Treating tracks from a more global perspective, one that spans levels 1–3 can lead to a more robust behavioral understanding. Suppose, for example, the first portion of a track of a military vehicle represents “advancing to contact” while the next portion of the same track involves little movement but a great deal of communications or other activities (e.g., coordinating activity, firing weapons). Viewed as disconnected (local) activities, no intrinsic information in the track states explains these distinctly different behavior modes. Only when viewed at a higher level of abstraction (in conjunction with levels 2 and 3) can the two separate lower-level “behavior” patterns be “understood” as phases of battle.

As a second example, consider the track of an individual that begins when he leaves his home in the morning. The man is seen at a mosque several hours later, and then at the market in the early afternoon. The man finally returns home around 5 p.m. This particular individual may have visited many other locations and engaged in numerous unobserved activities. On the basis of the currently available information, however, this is all we know.

Given our limited knowledge, the man’s known “track” might have a vast number of interpretations. Assuming intentional behavior, we are left to presume that this series of states has a definite (albeit unknown) purpose. When and if more information becomes available to “fill in the blanks,” the information can be added to the existing track file and exploited by the higher-level fusion algorithms.

If significant portions of the man’s track (pattern of activity) are repeated at predictable intervals (e.g., daily), variations in his routine can be detected. In some cases, such anomalies might be of more interest than the individual’s nominal behavior. Variations could include missing a regular prayer meeting or remaining at a particular location for a much shorter or much longer time than usual. A track may warrant additional scrutiny if the individual happens to be an HVI, the mosque he visited is a suspected meeting place for insurgents, and he remained there long after the noon prayer meeting ended.

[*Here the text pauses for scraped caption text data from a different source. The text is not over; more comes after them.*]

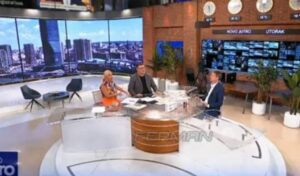 Ministri pëson goditje në tru gjatë intervistës live, dërgohet me urgjencë në spital!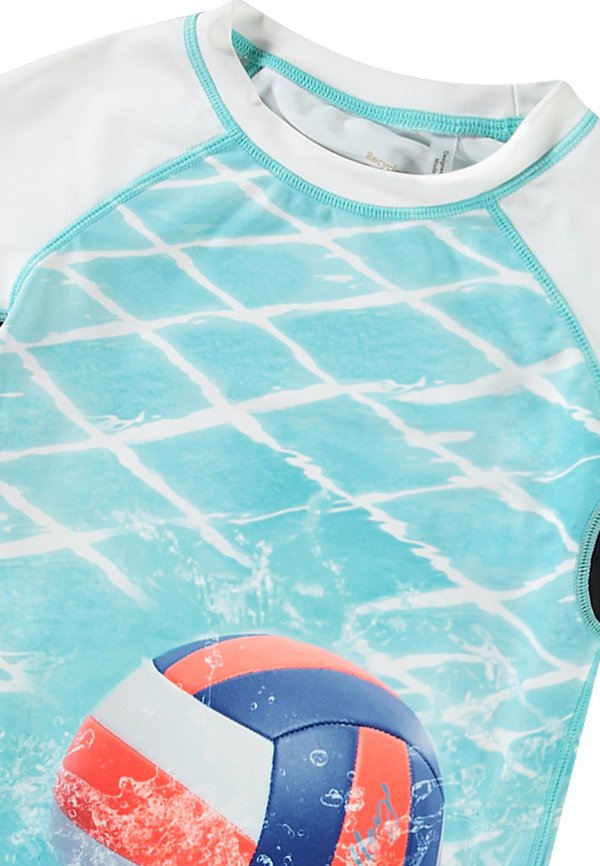 NEPTUNE - Rash vest - volleyball in pool2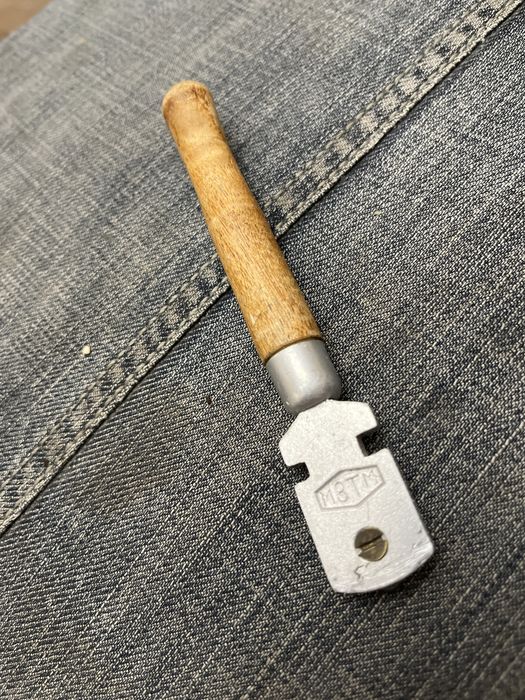 Стеклорез алмазный , куплен в СССР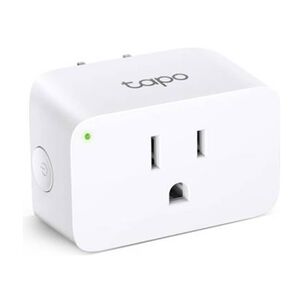 Mini Enchufe Inteligente Tp-link Tapo P105 Wi-fi Con Control Remoto Y Temporizador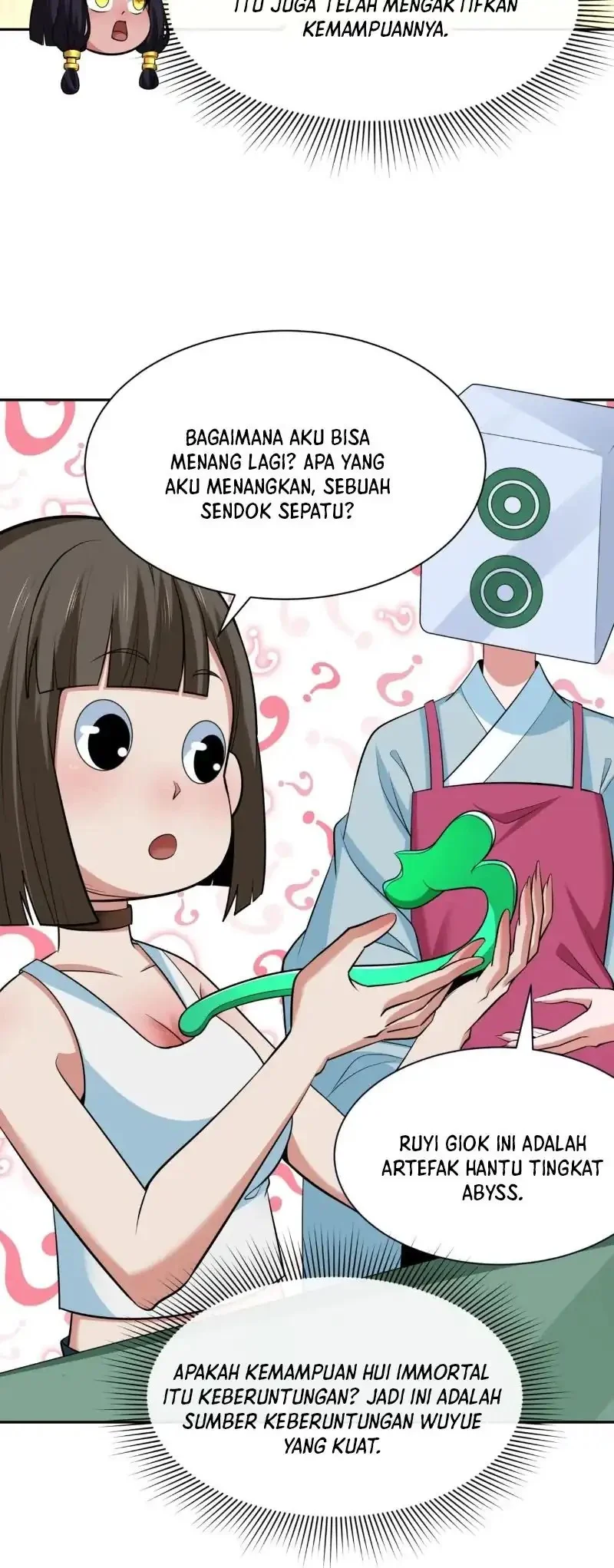 Age of Terror Chapter 298 Gambar 40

Similarly, if an individual who normally sends just a few e-mails per day suddenly writes dozens of them, this change in “expected” behavior might be significant. If an individual that normally remains within a few miles of his home suddenly appears in a different portion of the city or in a completely different city, this anomaly might justify a more detailed analysis or even trigger an alert.

7.3.6   Context

Humans, often subconsciously, incorporate a wide range of contextual knowledge during the analysis of sensor-derived data. To achieve comparable robustness, automated approaches must incorporate such “external” knowledge, as well. Consider the following message:

“Individual A met Individual B at XYZ” where XYZ represents specific global positioning system (GPS) coordinates

Although the message clearly links individual A and individual B, it fails to reveal that (1) the meeting took place in front of Mosque C, (2) it happened in a section of town where there has recently been considerable sectarian violence, and (3) Mosque C is a suspected insurgent-controlled facility, all of which places the sensor-derived information within a larger framework. Global information system (GIS) systems, organization charts, existing databases, and numerous other data sources maintain domain knowledge that, if properly exploited, supports more effective use of sensor-derived, as well human-generated information.

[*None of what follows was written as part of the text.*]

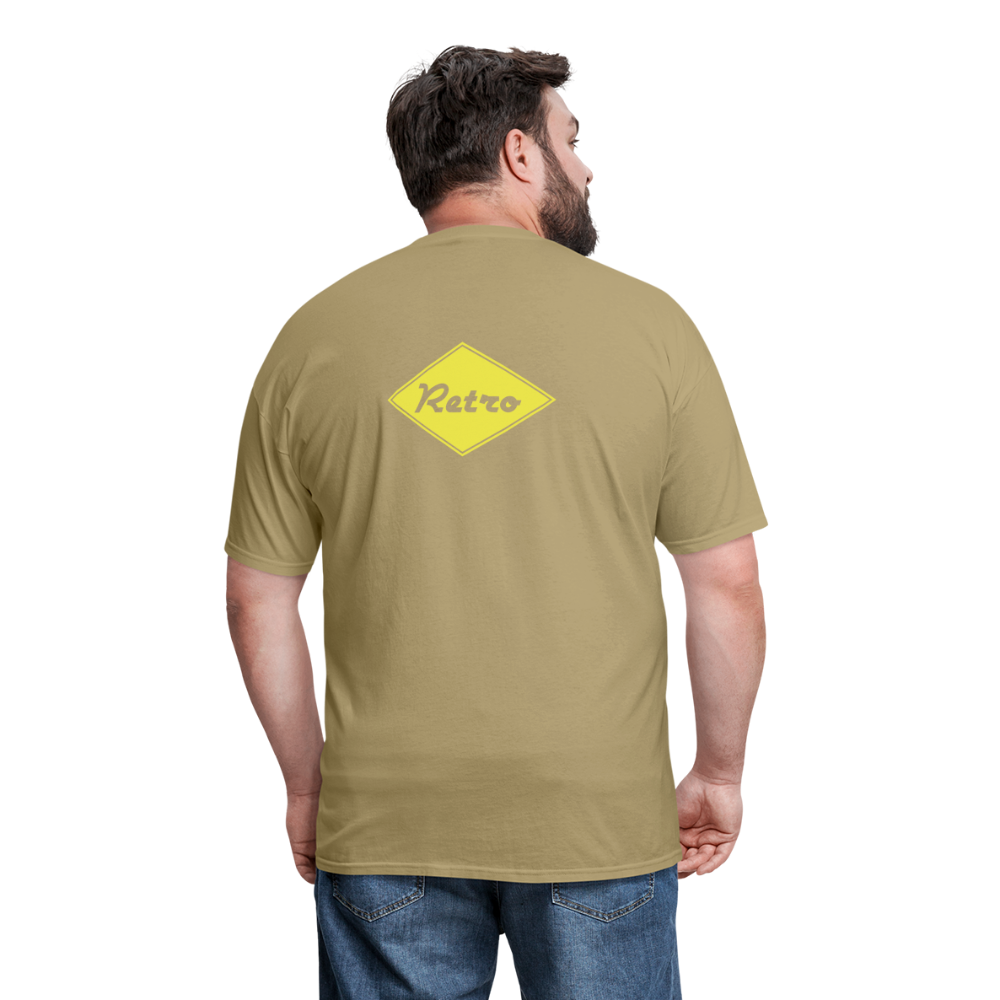 Unisex Classic T-Shirt - khaki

Applying relevant a priori domain knowledge potentially increases information content (and thereby the dimensionality of the decision-making process) by either adding relevant supporting features or constraining the decision process. Interpreting the above-mentioned message “out of context” (i.e., without knowing about the mosque or the recent sectarian violence in the area) is analogous to solving a set of linear equations when there exist more unknowns than equations. In both cases, the problem is under-constrained.

As mentioned earlier, adding HUMINT to the fusion process introduces a number of challenges. Dealing with semantic descriptions of location is one such challenge. To correlate on location, the “location” descriptions must be comparable to those provided by conventional sensors.

The example shown in Figure 7.9 highlights the need to translate from semantic location descriptions to more formal “mathematical” representations. In this case, all eight locations listed in the left-hand box effectively refer to the same general region of space. Thus, all are semantically “similar,” something that would be difficult to deduce using a strict semantic-based reasoning approach.

Chapter 24 discusses “semantic location translation” in more detail. For the present, we merely illustrate that it is feasible to relate crisp (Boolean) and semantic (fuzzy) spatial representations. Figure 7.10 depicts the product of intersecting near a named road (fuzzy feature) with all buildings (Boolean features).

7.3.7   HUMINT and the JDL Fusion Model

Whereas traditional sensors provide a relatively low level-of-abstraction input to the fusion process (before entity extraction), humans intuitively combine and abstract sensory and nonsensory information, generating distilled results that potentially fall across all levels of the JDL fusion model. For example, a text-based message might (1) report on the current location of a suspected terrorist (level 1 input), (2) describe the organization to which an individual is associated (level 2 input), or (3) indicate a specific threat an individual or an organization might pose (level 3 input).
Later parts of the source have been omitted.